▸ Exercise details:
Please repeat only the stretch of records running from the first line through the line that contains "Iveco Daily 35C16".

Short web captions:
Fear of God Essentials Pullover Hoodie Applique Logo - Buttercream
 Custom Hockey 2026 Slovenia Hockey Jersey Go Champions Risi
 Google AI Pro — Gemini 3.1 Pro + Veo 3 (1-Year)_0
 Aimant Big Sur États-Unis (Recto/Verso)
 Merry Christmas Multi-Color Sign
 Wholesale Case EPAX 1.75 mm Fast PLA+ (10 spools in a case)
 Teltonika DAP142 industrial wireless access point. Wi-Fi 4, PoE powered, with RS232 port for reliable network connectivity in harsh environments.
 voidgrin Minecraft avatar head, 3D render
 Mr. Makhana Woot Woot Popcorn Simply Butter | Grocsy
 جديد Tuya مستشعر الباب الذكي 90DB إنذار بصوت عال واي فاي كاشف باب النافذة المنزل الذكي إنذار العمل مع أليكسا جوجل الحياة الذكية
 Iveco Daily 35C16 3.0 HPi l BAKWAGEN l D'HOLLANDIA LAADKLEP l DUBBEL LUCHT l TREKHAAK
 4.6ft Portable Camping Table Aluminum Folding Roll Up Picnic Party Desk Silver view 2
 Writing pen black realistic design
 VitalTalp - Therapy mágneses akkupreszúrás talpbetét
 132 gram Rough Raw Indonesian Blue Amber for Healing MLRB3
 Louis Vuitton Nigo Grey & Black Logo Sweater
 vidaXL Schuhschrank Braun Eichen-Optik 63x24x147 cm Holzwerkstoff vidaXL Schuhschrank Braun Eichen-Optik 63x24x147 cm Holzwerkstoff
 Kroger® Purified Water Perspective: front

▸ Exercise result:
Fear of God Essentials Pullover Hoodie Applique Logo - Buttercream
 Custom Hockey 2026 Slovenia Hockey Jersey Go Champions Risi
 Google AI Pro — Gemini 3.1 Pro + Veo 3 (1-Year)_0
 Aimant Big Sur États-Unis (Recto/Verso)
 Merry Christmas Multi-Color Sign
 Wholesale Case EPAX 1.75 mm Fast PLA+ (10 spools in a case)
 Teltonika DAP142 industrial wireless access point. Wi-Fi 4, PoE powered, with RS232 port for reliable network connectivity in harsh environments.
 voidgrin Minecraft avatar head, 3D render
 Mr. Makhana Woot Woot Popcorn Simply Butter | Grocsy
 جديد Tuya مستشعر الباب الذكي 90DB إنذار بصوت عال واي فاي كاشف باب النافذة المنزل الذكي إنذار العمل مع أليكسا جوجل الحياة الذكية
 Iveco Daily 35C16 3.0 HPi l BAKWAGEN l D'HOLLANDIA LAADKLEP l DUBBEL LUCHT l TREKHAAK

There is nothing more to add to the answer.